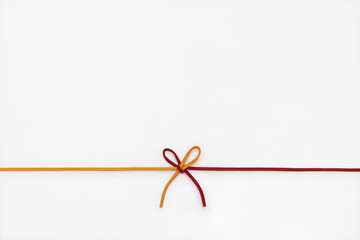Yellow and red ribbon isolated on white background. two colors chamois string tied in a bow.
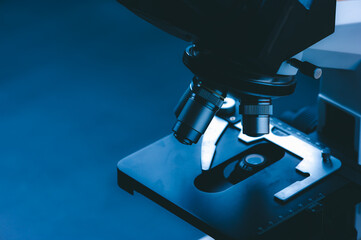 Laboratory equipment optical microscope, closeup of scientific microscope with metal lens, data...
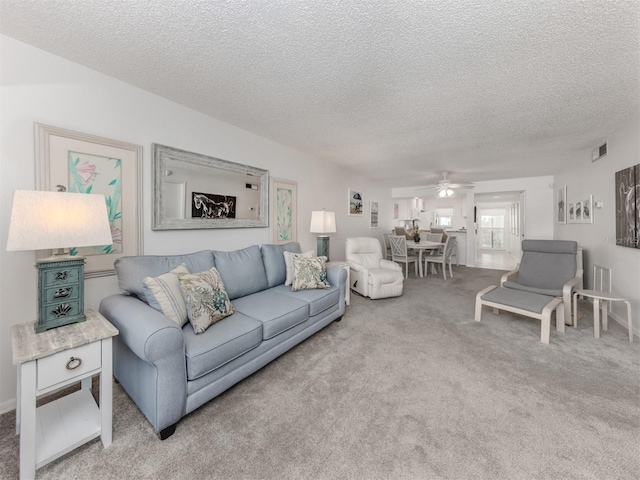 carpeted living area featuring visible vents, a textured ceiling, and a ceiling fan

TASK TO CARRY OUT =
Your copy must repeat the data word for word and show none of its images.

PROBLEM SOLUTION =
Yellow and red ribbon isolated on white background. two colors chamois string tied in a bow.
 Laboratory equipment optical microscope, closeup of scientific microscope with metal lens, data...
 carpeted living area featuring visible vents, a textured ceiling, and a ceiling fan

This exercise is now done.